Wu warned that the impacts of climate change have already arrived.
“A couple of months ago, I was standing on Morrissey Boulevard at high tide to draw attention to the fact that regularly at high tide, a major stretch of roadway is impassable to first responders or residents trying to get to work or school,” Wu said. “I had my boots on and the water was up past my ankles standing in the middle of the road.”
Justin Hollander, a professor of urban and environmental policy and planning at Tufts, spoke to Boston’s development in spaces that are likely to be affected by climate change.
“A lot of the city is built in an unsustainable way,” Hollander said. “People talk about the city of Boston being progressive and addressing climate change, but when you look at a lot of the new developments in the Seaport District, [they are] basically at sea level.”
According to Hollander, Boston has historically relied on the private market to respond to environmental threats. He added that many communities consisting of people of color and low-income families are especially vulnerable to the effects of the sea level rise.
Researchers like Kirshen are actively working to push legislators to integrate climate adaptation research into urgent action to protect coastal communities.
Kirshen’s research has been instrumental in the development of the Resilient Boston Harbor Initiative, which takes an equitable approach to climate adaptation. The initiative creates sustainable jobs by investing in elevated green community spaces and flood-resistant buildings along the city’s waterfront. These structural changes aim to alleviate the cost coastline families would have had to bear, as they protect the communities at risk.
One of Kirshen’s studies published in May 2018 considered the use of a natural harbor-wide barrier to protect Boston communities from flooding.
“[The study] actually became the official policy of the city in October of 2018,” Kirshen said.
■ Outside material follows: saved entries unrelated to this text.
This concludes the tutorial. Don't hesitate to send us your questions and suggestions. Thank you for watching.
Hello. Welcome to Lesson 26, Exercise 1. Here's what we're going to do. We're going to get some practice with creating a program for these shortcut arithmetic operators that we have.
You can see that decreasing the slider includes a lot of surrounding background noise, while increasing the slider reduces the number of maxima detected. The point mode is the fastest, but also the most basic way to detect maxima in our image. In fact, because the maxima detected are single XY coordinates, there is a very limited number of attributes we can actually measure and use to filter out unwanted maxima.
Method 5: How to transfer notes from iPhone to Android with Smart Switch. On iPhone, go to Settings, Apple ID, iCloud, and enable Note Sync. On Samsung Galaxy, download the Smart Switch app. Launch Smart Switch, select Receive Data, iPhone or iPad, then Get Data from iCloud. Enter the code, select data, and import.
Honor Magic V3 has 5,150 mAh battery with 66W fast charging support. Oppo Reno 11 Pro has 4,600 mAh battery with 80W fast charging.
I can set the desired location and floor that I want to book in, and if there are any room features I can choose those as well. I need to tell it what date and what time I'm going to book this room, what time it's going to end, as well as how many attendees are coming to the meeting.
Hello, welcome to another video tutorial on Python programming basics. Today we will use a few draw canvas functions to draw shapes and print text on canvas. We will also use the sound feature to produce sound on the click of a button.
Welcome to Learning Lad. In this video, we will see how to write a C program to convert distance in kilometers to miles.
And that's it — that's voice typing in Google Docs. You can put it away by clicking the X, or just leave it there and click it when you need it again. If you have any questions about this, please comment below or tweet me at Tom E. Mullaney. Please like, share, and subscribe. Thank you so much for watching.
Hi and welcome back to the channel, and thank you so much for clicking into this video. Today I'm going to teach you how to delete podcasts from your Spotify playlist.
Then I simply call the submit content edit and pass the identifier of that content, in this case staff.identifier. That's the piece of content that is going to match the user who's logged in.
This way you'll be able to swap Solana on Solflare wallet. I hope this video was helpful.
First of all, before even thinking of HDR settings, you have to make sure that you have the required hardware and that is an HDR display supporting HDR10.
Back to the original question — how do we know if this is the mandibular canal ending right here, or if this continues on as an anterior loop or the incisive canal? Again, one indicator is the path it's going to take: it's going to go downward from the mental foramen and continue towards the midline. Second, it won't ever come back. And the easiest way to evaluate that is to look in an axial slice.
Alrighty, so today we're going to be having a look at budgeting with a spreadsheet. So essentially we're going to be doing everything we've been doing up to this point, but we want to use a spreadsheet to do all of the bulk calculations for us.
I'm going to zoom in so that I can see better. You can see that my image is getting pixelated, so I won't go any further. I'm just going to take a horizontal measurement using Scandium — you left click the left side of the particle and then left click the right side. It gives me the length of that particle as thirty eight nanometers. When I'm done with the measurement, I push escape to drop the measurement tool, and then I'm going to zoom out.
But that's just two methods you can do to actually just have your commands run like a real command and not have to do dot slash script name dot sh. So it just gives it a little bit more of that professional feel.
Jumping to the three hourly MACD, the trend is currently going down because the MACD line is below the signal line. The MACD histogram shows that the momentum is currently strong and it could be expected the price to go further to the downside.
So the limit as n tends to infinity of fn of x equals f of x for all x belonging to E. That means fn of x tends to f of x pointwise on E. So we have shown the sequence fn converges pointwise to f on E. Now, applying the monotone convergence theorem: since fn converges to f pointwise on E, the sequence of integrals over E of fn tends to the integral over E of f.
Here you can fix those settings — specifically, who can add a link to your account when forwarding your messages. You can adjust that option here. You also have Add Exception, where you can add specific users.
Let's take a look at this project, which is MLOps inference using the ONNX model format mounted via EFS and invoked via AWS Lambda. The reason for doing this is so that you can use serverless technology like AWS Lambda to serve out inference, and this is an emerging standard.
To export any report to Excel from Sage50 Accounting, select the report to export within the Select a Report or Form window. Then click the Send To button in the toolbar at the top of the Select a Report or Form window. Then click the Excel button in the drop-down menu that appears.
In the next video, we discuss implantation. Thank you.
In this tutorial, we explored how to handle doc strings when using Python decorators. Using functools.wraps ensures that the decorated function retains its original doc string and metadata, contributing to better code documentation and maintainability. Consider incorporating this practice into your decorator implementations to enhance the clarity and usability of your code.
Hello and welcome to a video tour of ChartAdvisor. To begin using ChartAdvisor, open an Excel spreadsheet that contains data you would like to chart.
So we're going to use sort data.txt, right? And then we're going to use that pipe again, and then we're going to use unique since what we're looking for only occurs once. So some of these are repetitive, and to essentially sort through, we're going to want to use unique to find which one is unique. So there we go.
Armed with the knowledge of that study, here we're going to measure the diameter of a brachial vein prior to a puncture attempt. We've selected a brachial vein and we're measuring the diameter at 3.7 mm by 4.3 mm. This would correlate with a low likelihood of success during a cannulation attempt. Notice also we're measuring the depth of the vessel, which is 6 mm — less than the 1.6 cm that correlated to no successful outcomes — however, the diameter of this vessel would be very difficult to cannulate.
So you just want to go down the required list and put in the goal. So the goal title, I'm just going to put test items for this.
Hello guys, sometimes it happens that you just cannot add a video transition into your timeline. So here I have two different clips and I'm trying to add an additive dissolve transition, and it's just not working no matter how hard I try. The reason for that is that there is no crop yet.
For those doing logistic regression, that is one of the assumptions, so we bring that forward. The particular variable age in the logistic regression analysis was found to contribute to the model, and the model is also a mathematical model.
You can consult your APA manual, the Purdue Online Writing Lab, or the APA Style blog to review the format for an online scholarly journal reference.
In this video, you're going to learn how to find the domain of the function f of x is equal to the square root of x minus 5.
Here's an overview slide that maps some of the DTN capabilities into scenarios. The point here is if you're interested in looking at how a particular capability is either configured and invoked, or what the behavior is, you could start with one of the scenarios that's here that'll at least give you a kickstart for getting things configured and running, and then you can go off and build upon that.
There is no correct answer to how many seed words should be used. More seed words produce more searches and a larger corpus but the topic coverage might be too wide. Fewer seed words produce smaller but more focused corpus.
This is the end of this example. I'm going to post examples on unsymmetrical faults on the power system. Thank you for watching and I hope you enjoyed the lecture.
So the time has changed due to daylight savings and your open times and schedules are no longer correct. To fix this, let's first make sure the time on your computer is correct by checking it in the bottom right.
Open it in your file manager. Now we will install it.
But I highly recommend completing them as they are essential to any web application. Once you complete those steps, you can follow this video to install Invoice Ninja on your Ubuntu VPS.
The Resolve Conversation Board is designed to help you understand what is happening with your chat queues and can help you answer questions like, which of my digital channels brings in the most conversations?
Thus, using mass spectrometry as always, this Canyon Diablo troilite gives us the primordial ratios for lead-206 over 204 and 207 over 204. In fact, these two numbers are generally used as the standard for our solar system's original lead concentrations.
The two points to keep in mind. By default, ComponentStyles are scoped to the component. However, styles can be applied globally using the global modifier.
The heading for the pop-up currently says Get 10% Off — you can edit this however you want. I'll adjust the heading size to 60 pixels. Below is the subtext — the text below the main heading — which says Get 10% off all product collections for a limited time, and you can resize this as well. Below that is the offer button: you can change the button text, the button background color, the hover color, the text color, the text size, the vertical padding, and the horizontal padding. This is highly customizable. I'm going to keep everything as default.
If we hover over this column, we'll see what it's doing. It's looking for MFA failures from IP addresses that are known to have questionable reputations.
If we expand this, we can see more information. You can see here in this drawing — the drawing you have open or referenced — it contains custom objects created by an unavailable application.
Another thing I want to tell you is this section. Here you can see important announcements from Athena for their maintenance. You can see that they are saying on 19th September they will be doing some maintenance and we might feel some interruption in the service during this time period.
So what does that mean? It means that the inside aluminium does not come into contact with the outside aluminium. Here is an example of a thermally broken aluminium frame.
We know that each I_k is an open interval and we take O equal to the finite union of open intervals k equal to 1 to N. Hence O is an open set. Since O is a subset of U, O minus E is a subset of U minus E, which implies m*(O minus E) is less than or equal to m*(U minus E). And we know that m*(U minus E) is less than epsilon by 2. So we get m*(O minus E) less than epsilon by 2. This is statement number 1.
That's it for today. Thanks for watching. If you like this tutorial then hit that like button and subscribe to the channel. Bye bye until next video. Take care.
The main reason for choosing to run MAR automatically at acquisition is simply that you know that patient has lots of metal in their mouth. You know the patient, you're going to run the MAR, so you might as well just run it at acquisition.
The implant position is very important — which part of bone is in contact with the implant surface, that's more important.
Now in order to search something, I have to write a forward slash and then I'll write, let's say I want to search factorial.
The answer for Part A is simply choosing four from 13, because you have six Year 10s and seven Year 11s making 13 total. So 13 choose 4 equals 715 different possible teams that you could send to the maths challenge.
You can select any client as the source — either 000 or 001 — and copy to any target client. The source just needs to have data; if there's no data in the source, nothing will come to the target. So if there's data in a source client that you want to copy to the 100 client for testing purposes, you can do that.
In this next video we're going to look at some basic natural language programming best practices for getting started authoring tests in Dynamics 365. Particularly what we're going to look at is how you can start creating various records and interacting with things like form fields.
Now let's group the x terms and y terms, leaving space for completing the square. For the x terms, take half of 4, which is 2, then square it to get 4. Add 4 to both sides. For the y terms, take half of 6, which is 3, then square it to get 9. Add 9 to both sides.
Kirshen’s intersectional approach to climate research is an example of an important collaboration between researchers, community leaders and local and statewide legislators. Yet, even with new legislation in place, Boston still has a long way to go.
“We know how to get our emissions to zero, we know how to do mitigation and adaptation planning,” Kirshen said. “We know the answers; it’s just a lack of political will.”
He encourages students to get involved in politics and vote for candidates that will represent their values.
“Volunteering on a campaign is one of the best things you can do,” Kirshen said. “We do not have effective leadership, [and] it also reflects the will of the voters.”
However, following a new wave of political engagement with record turnout from voters in the 2020 election and rising youth activism, this dynamic may be changing.
Wu echoed this sentiment. “Everyone has a role to play in demonstrating and agitating and pushing for our progress to match the scale and urgency of this moment,” Wu said.
After becoming the first woman of color to serve as the president of the council, Wu has decided to run for mayor this year. Wu said she is inspired by the students and youth activists who frame the climate crisis not as something to run away from or simply mitigate, but as an opportunity to advocate for justice. Emanating the vision of her Green New Deal for Boston, she explained that the climate crisis cannot be addressed without climate justice.
“This is about reaching out and grabbing our best, strongest, most vibrant collective future together and that’s how we are framing all of our policies,” Wu said.